Come vengono supportati invece gli ospiti, che in questo momento non possono avere vicini i propri familiari?
«La principale fonte di sostegno è rappresentata dal personale socio-sanitario e dalle animatrici ed educatrici che sono quotidianamente a contatto con i residenti. Sono loro i primi che riconoscono e rispondono ai bisogni psicologici dei residenti di ricevere conforto, vicinanza emotiva e rassicurazione. Per questo motivo il personale è costantemente seguito dal servizio di psicologia, così che sia in grado di comunicare con i residenti in modo efficace, contenere le loro emozioni e riconoscere i segnali di un malessere più profondo. Nel caso si presentino eventi significativi o sia espresso il desiderio di un colloquio individuale, i residenti possono usufruire anche di un vero e proprio sostegno psicologico strutturato tramite telefonate o videochiamate, attivabile dal personale o dal residente stesso tramite i recapiti messi a disposizione in RSA.
Con la collaborazione di tutto il personale, i residenti sono incoraggiati a mantenere i contatti con i propri familiari (ad esempio, attraverso videochiamate e telefonate) e con gli altri residenti per prevenire il senso di isolamento e a esprimere le proprie emozioni. Si favorisce la condivisione delle informazioni mediatiche in modo da costruire significati positivi ed evitare la catastrofizzazione e il rimuginio».
Si dice spesso, ormai, che niente sarà più come prima: è d’accordo? In ogni caso, come pensa che possa (o debba) avvenire il ritorno alla normalità per ospiti e operatori?
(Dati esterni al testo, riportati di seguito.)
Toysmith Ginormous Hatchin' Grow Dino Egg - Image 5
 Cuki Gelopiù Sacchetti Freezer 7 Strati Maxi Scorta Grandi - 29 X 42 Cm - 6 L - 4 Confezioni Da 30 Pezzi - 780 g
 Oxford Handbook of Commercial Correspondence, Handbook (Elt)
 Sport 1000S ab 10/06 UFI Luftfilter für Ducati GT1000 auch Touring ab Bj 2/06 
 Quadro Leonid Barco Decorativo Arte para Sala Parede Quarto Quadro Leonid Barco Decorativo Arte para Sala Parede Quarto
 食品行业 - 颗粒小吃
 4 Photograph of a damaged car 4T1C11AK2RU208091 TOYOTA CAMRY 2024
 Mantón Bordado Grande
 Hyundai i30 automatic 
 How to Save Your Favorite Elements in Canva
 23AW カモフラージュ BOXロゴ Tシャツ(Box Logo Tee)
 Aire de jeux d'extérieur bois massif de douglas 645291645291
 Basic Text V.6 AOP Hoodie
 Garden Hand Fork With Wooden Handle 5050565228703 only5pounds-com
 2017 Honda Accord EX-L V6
«Superare una minaccia comporta sempre un apprendimento e un cambiamento nell’individuo e nel contesto sociale di appartenenza. Come per ogni evento inaspettato e perturbante, anche di fronte all’emergenza Coronavirus stiamo rispondendo con strategie di fronteggiamento che ci porteranno a un nuovo stato di benessere. Pertanto, il dopo sarà inevitabilmente diverso e tanto migliore quanto più le strategie attivate ci avranno fatto sentire efficaci e protetti. Credo che la sfida non consista tanto in un ritorno alla normalità, quanto nella possibilità di riuscire a costruire un significato positivo di ciò che abbiamo vissuto. Per ripartire e farlo nel modo migliore dobbiamo fare tesoro di ciò che ci ha fatto stare bene e continuare a coltivarlo. Molti residenti iniziano a vedere la struttura non come il luogo in cui sono stati lasciati, ma il posto sicuro in cui rimanere protetti; qualcuno solo ora riesce a vedere l’amore che il personale mette nel proprio lavoro osservandolo muoversi con attenzione e cura, sentendosi riconosciuto. Il personale da parte sua ha l’occasione di sperimentare ancora più intensamente il valore del senso di squadra, del supporto reciproco, la fiducia nel collega e la soddisfazione di esserci per gli altri».